Now in any group this size there has to be people who are struggling with broken relationships, very much wanting to be reunited with someone, but not knowing how. I know that ongoing conflicts can do nasty things inside of us, making us angry, leaving us brooding, collecting resentments, bitter. I would like to pray for you.

And if you would like prayer for yourself to be restored so that you can go out and make another shot at restoring a relationship, I invite you to come forward and kneel at the communion rail. Come and ask God’s forgiveness for times you’ve been impatient or pushy. Come and ask for healing of frayed nerves and deep relational wounds. Come and ask for strength and wisdom to go out and love again.

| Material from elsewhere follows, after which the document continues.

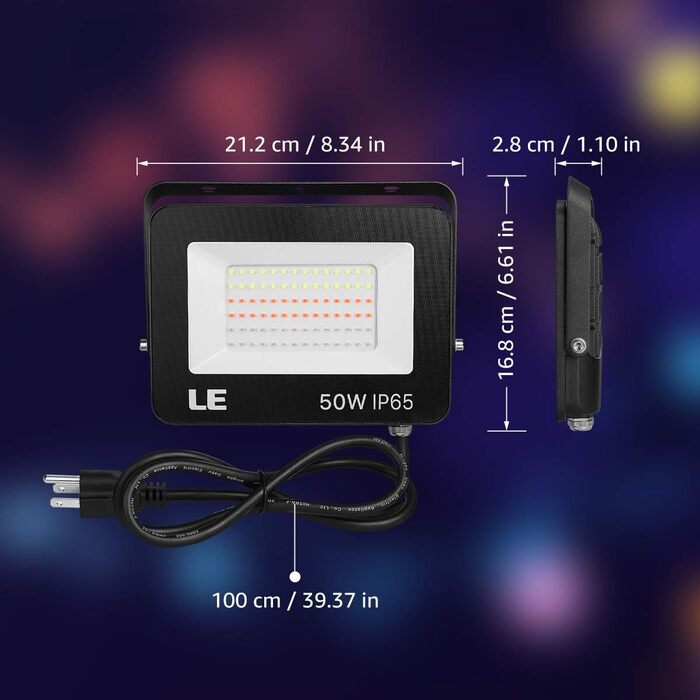 Світлодіодний прожектор Lepro 50W RGB із RF-пультом, 2 шт., водонепроникний LED-флудлайт з пам’яттю, димований, кольорова зміна, IP65, для саду, вечірки, готелю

PRAYER FOR THOSE WHO CAME FORWARD

PRAYER OF ST. FRANCIS (UNISON)

Lord, make me an instrument of your peace,

Where there is hatred, let me sow love;

...where there is injury, pardon;

...where there is doubt, faith;

...where there is despair, hope;

...where there is darkness, light;

...where there is sadness, joy;

O Divine Master, grant that I may not so much seek

...to be consoled as to console;

...to be understood as to understand;

...to be loved as to love.

For it is in giving that we receive;

...it is in pardoning that we are pardoned;

...and it is in dying that we are born to eternal life.